*Work required*: Exactly the lines from the line containing "Jun 13, 2010;" through the final line of the entries below must be returned, and only those, without pictures.

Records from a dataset
□ □ □ □ □

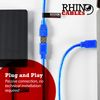 rhinocables - USB 3.0 Extension Cable | 5Gbps Data Transfer | Durable 10 Pin 28 AWG Design | Compatible With USB 2.0, 1.1 Devices | Extension Functionality, Blue, 2m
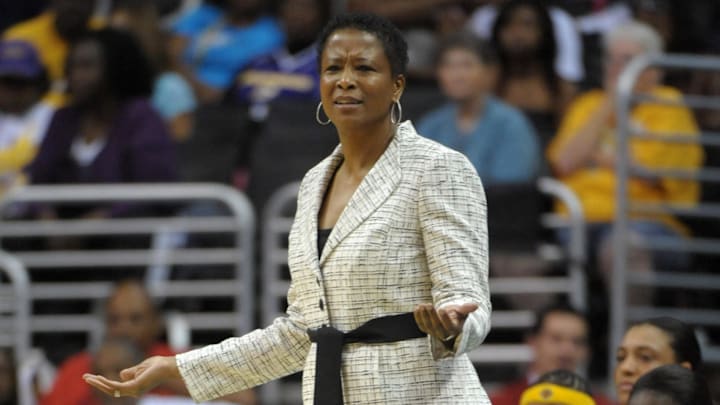 Jun 13, 2010; Los Angeles, CA, USA; Los Angeles Sparks coach Jennifer Gillom during the game against the Minnesota Lynx at the Staples Center. The Sparks defeated the Lynx 88-84. Mandatory Credit: Kirby Lee/Image of Sport-Imagn Images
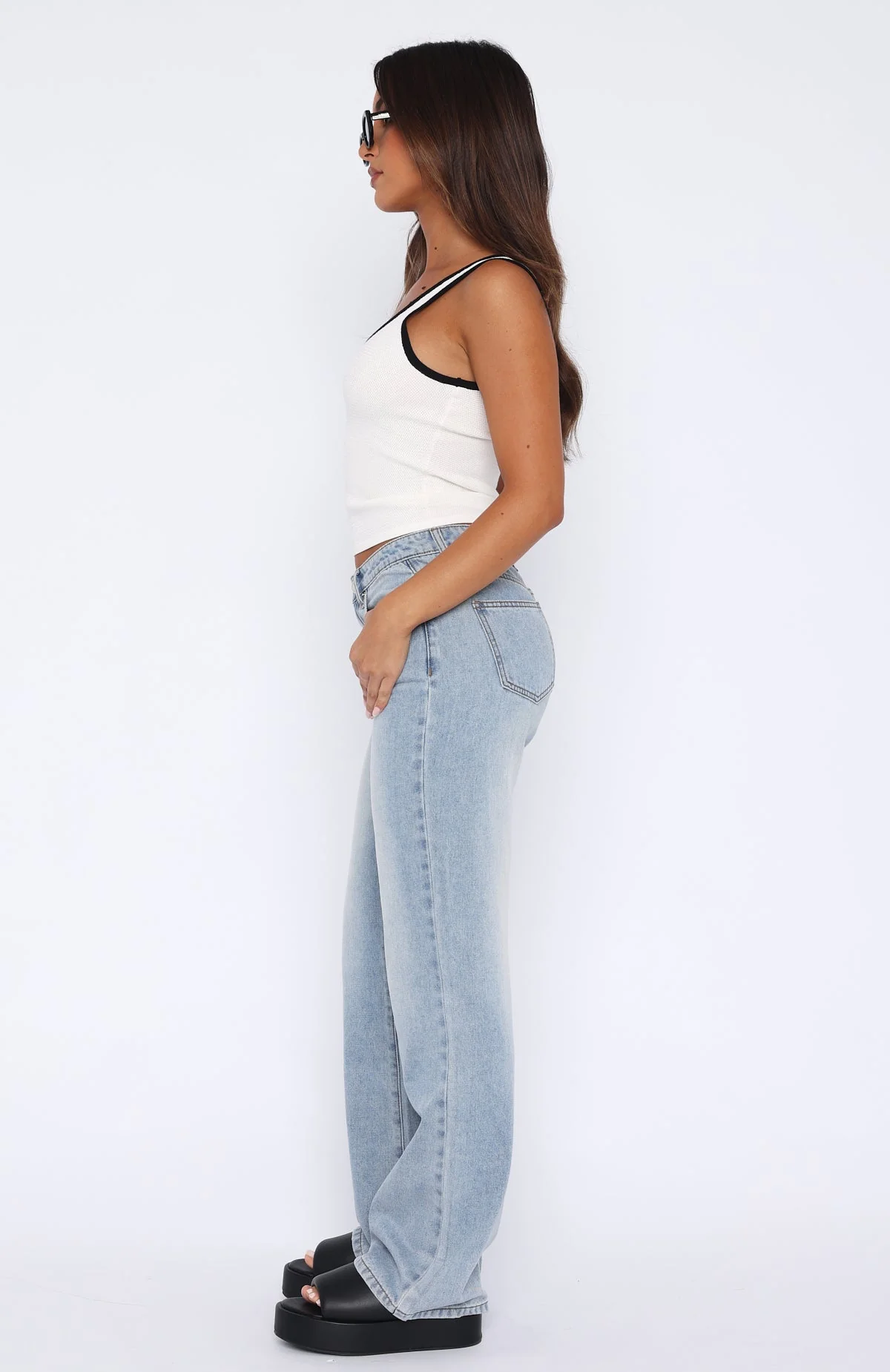 Desire Mid Rise Straight Leg Jeans Light Blue Wash - Image 3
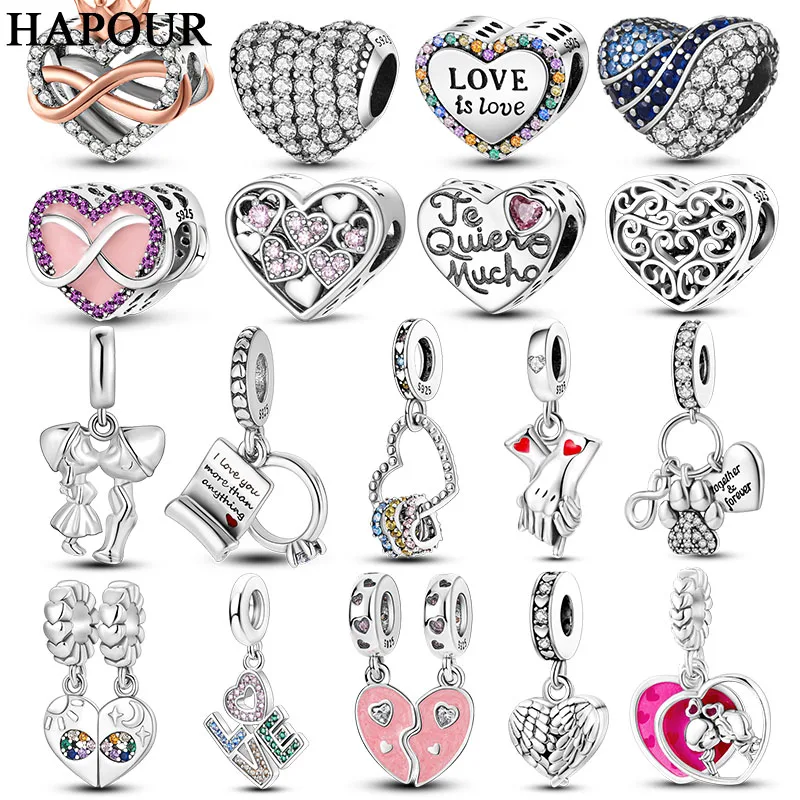 HAPOUR Charms 925 Silver Heart Serie Zircon Beads Pendant Fit Original Bracelet Necklace DIY For Lover Dangel Charms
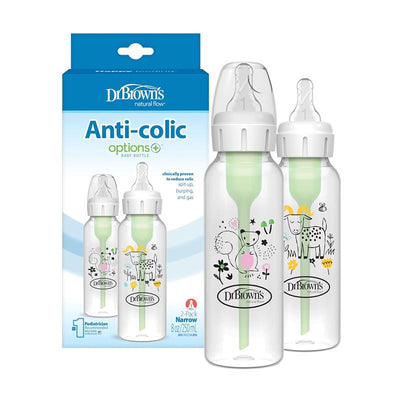 Dr. Brown 2Pk Anti-Colic Options+ Narrow Baby Bottle 8Oz/250Ml, Squirrel/Goat Image 1
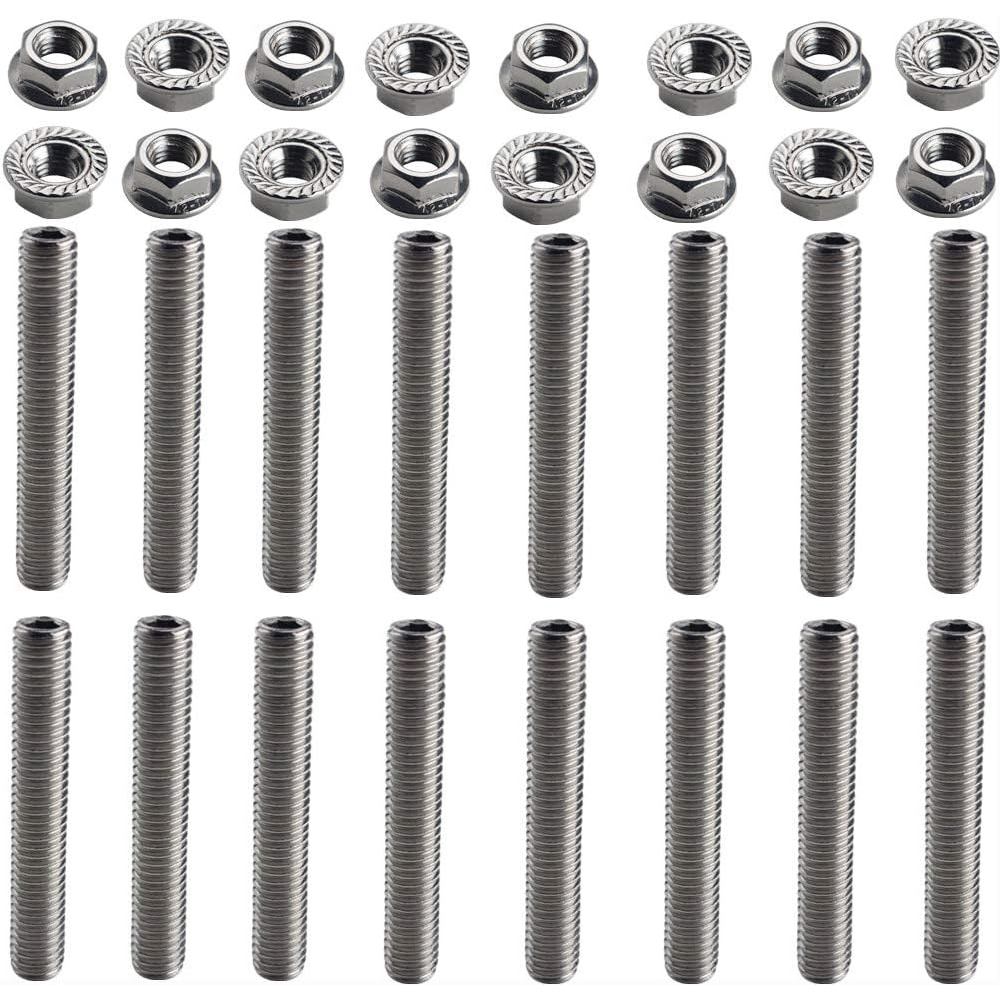 Dewhel Kit de 16 peças de parafusos de coletor de escape em aço inoxidável para 2 coletor para Ford 4.6 e 5.4 Litros V8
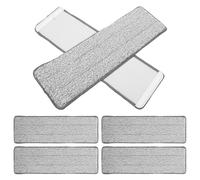 GRIRIW 6pcs Flat Mop Replacement Pads 36x11cm Washable Reusable Microfiber Mop Cloths for Wet Dry Hardwood, Tile, Laminate Floor Cleaning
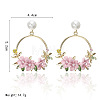 Ring with Flower Alloy & Rhinestone & Polymer Clay Stud Dangle Earrings FS-WGDD86E-04-3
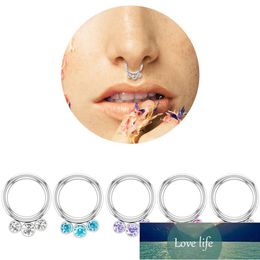 Alloy Hoop Ring Nose Fake Piercing Septum Clicker Numbers Hanger For Women Body Jewelry Gift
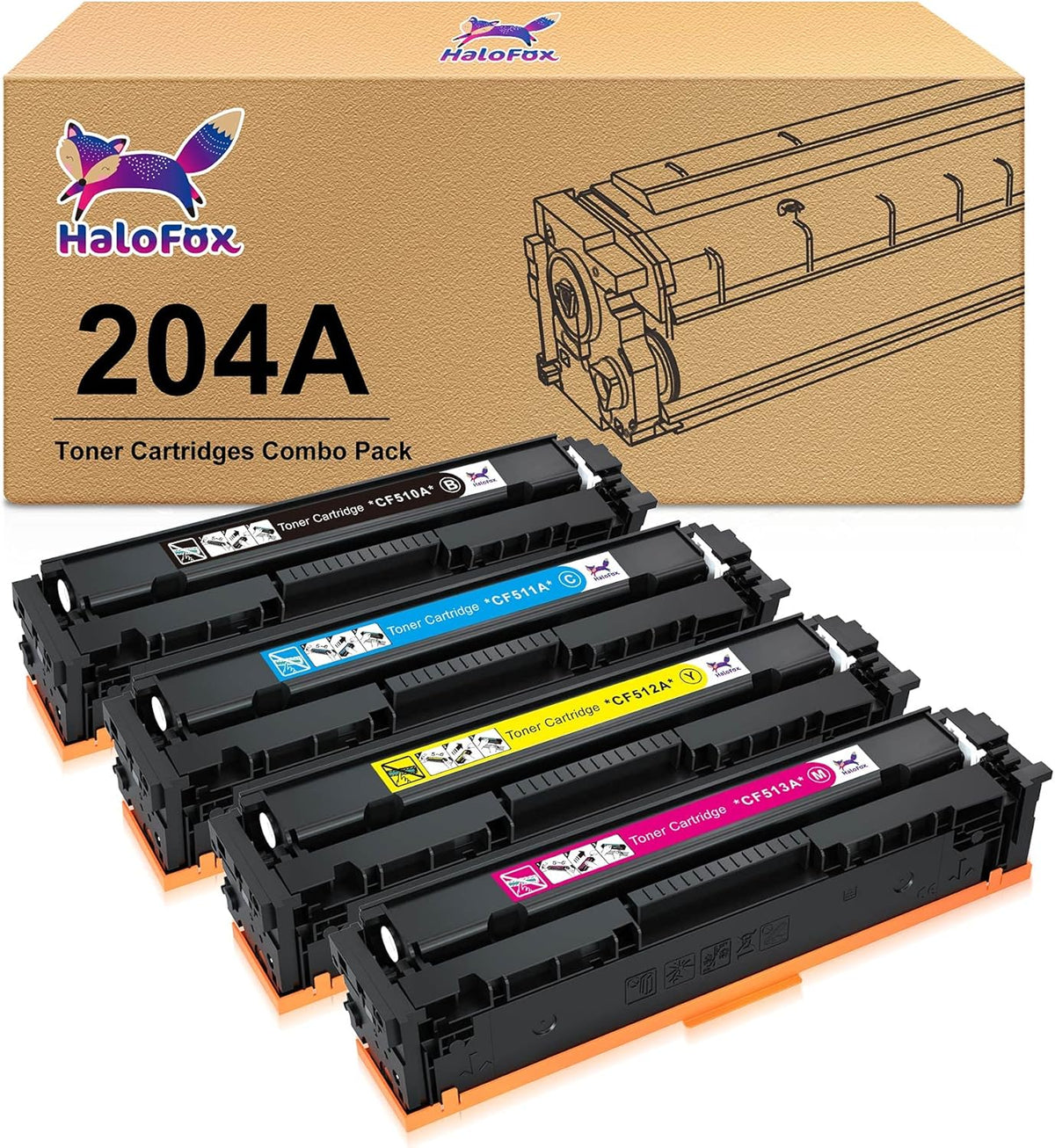 Compatible Toner Cartridge 4-Pack for HP 204A CF510A CF511A CF512A CF513A Pro MFP M180n M180nw M181fw M154a M154nw Color Pro Printer (Black, Cyan, Yellow, Magenta) O91023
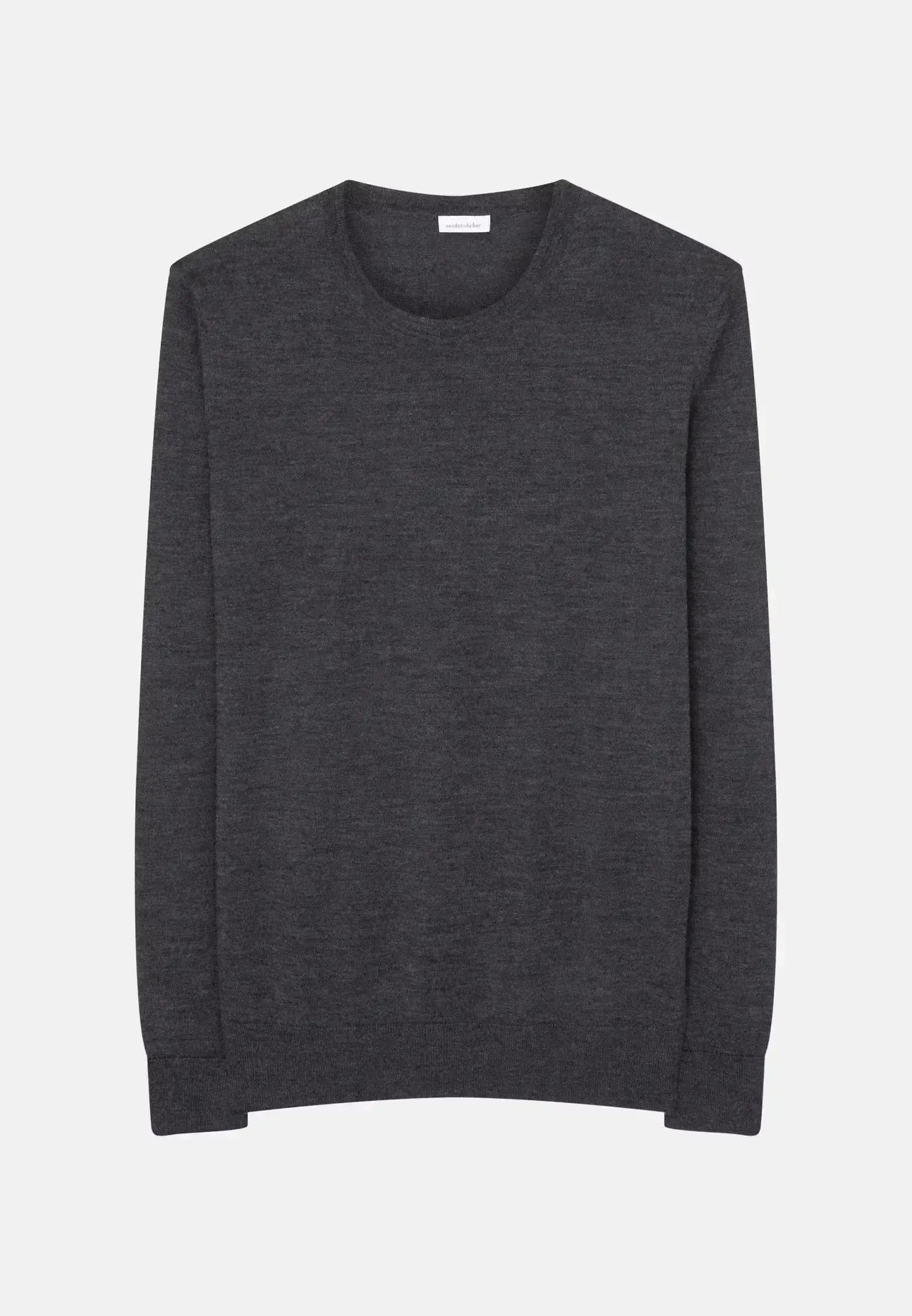Seidensticker-Seidensticker Merino Wool Crewneck Knit Grey-NORTHERN THREADS DESIGNER MENSWEAR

□ □ □ □ □

*Solution to the exercise*:
 Jun 13, 2010; Los Angeles, CA, USA; Los Angeles Sparks coach Jennifer Gillom during the game against the Minnesota Lynx at the Staples Center. The Sparks defeated the Lynx 88-84. Mandatory Credit: Kirby Lee/Image of Sport-Imagn Images
 Desire Mid Rise Straight Leg Jeans Light Blue Wash - Image 3
 HAPOUR Charms 925 Silver Heart Serie Zircon Beads Pendant Fit Original Bracelet Necklace DIY For Lover Dangel Charms
 Dr. Brown 2Pk Anti-Colic Options+ Narrow Baby Bottle 8Oz/250Ml, Squirrel/Goat Image 1
 Dewhel Kit de 16 peças de parafusos de coletor de escape em aço inoxidável para 2 coletor para Ford 4.6 e 5.4 Litros V8
 GRIRIW 6pcs Flat Mop Replacement Pads 36x11cm Washable Reusable Microfiber Mop Cloths for Wet Dry Hardwood, Tile, Laminate Floor Cleaning
 Ring with Flower Alloy & Rhinestone & Polymer Clay Stud Dangle Earrings FS-WGDD86E-04-3
 Alloy Hoop Ring Nose Fake Piercing Septum Clicker Numbers Hanger For Women Body Jewelry Gift
 Compatible Toner Cartridge 4-Pack for HP 204A CF510A CF511A CF512A CF513A Pro MFP M180n M180nw M181fw M154a M154nw Color Pro Printer (Black, Cyan, Yellow, Magenta) O91023
Seidensticker-Seidensticker Merino Wool Crewneck Knit Grey-NORTHERN THREADS DESIGNER MENSWEAR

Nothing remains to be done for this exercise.